# [Entries shown]
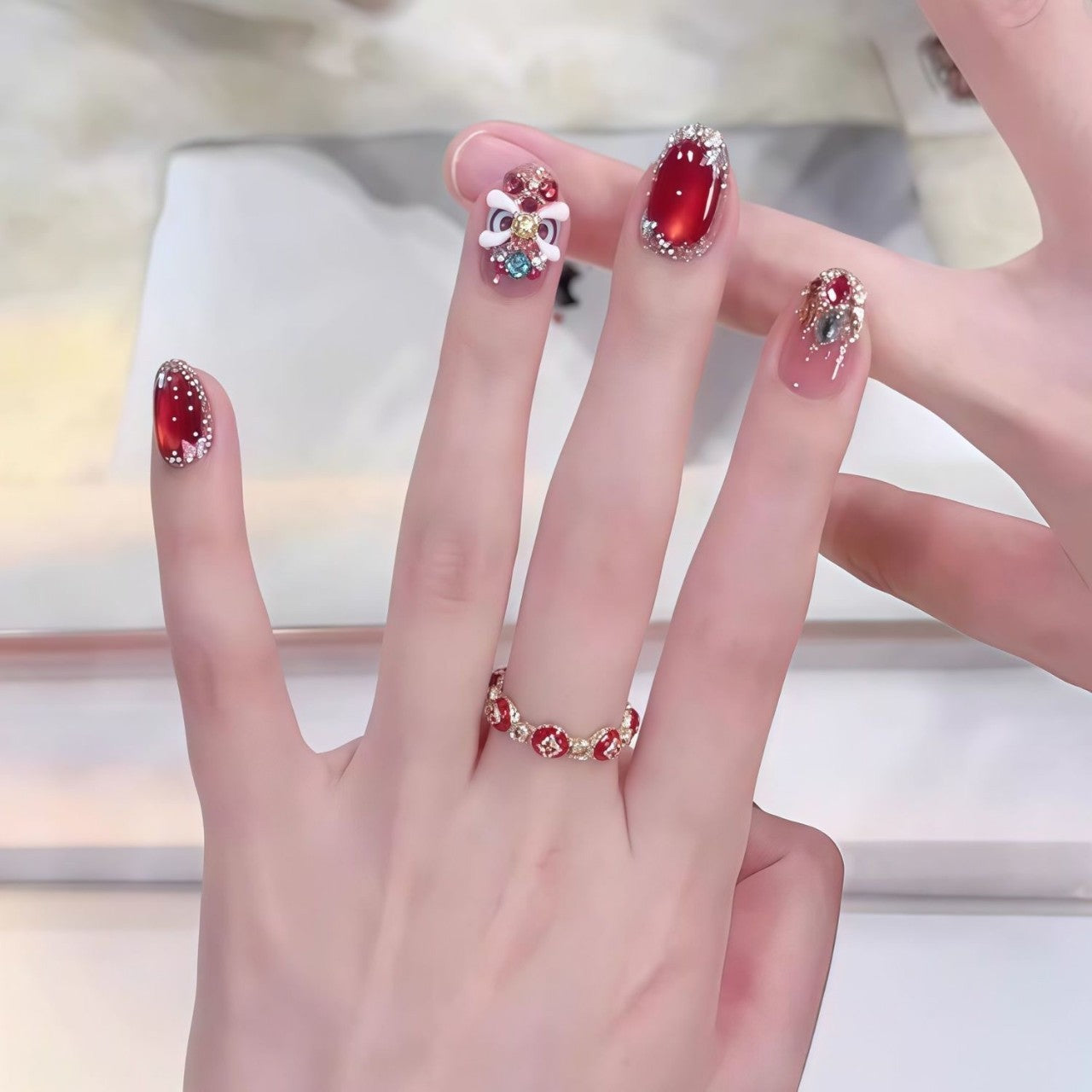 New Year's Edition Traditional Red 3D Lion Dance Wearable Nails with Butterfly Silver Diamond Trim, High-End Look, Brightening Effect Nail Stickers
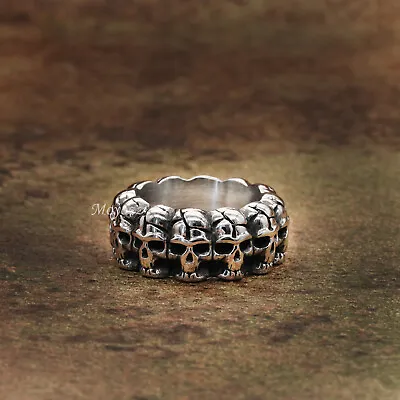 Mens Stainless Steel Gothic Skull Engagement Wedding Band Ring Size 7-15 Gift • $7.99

...

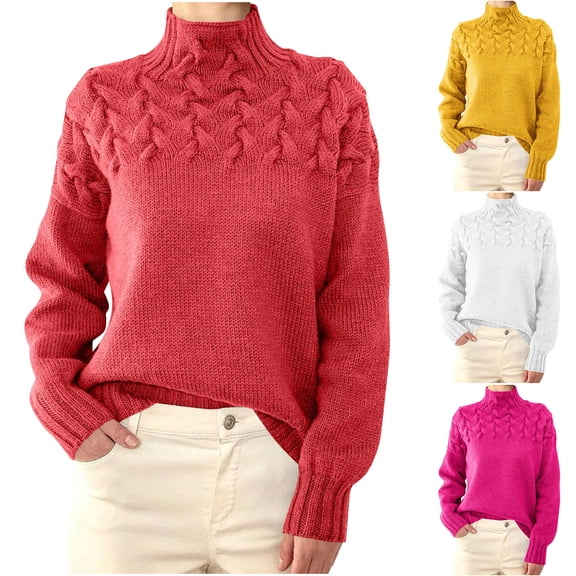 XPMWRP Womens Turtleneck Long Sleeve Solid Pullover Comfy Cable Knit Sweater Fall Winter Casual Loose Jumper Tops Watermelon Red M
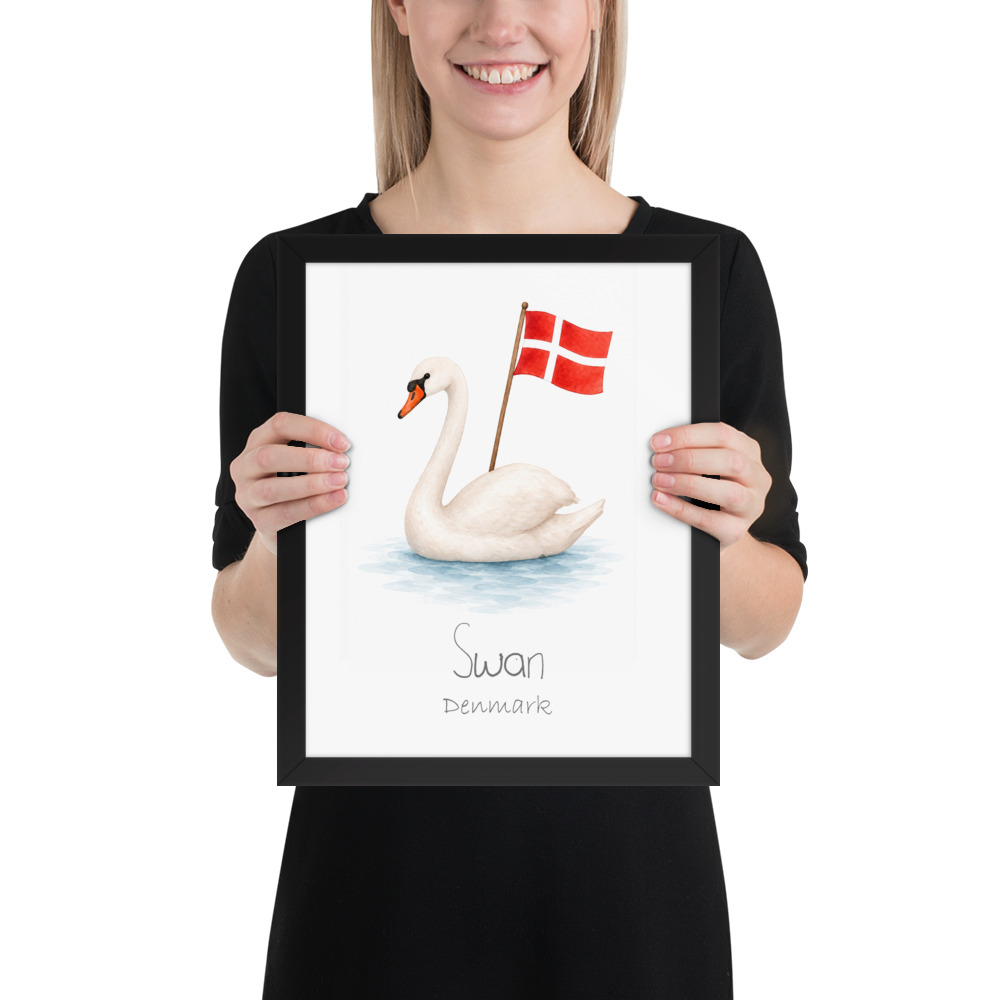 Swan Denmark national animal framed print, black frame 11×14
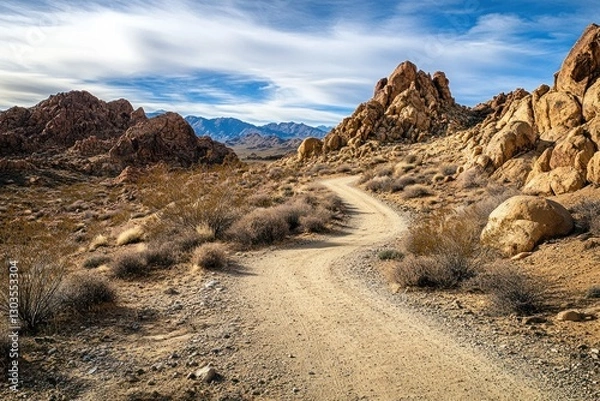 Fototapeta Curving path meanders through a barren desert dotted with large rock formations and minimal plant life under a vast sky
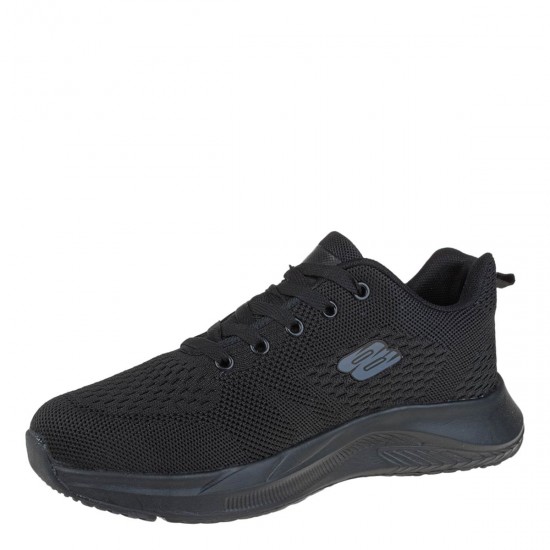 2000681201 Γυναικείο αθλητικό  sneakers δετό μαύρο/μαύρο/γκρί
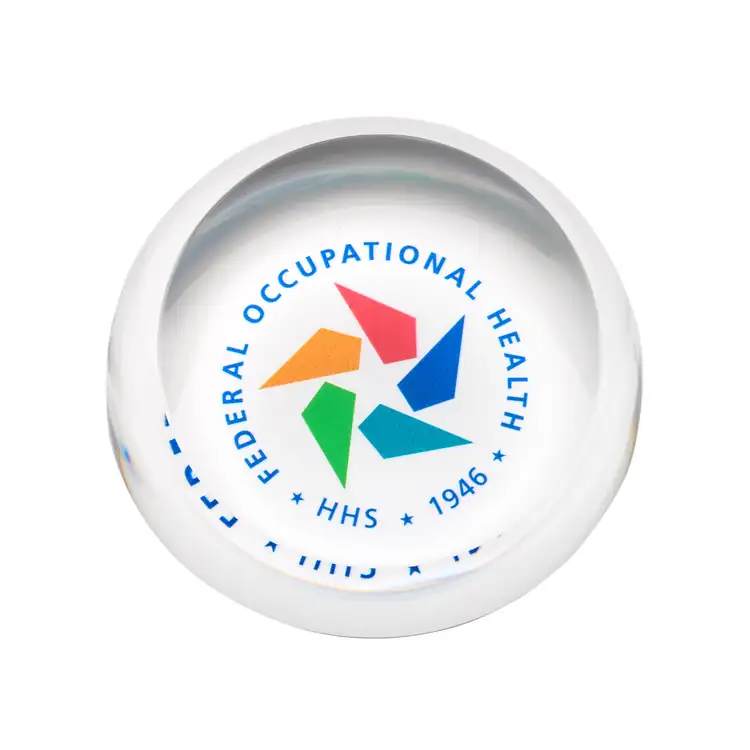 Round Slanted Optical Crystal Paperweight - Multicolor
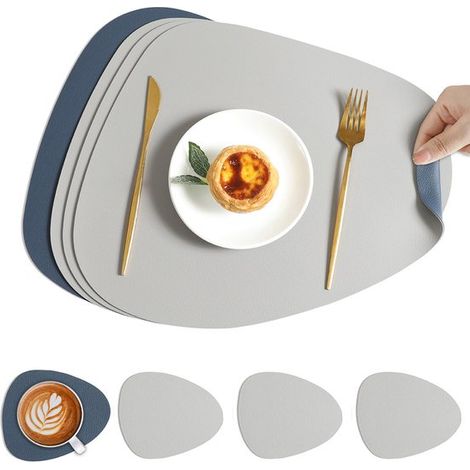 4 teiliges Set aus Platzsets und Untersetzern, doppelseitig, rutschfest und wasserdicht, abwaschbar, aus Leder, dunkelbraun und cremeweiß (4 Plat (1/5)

# [Try it]
Work from the entries above. Set down exactly and only the lines from the line with "New Year's Edition" to the line with "Mens Stainless Steel", both included, and leave the pictures out.

# [Result of the task]
 New Year's Edition Traditional Red 3D Lion Dance Wearable Nails with Butterfly Silver Diamond Trim, High-End Look, Brightening Effect Nail Stickers
 Mens Stainless Steel Gothic Skull Engagement Wedding Band Ring Size 7-15 Gift • $7.99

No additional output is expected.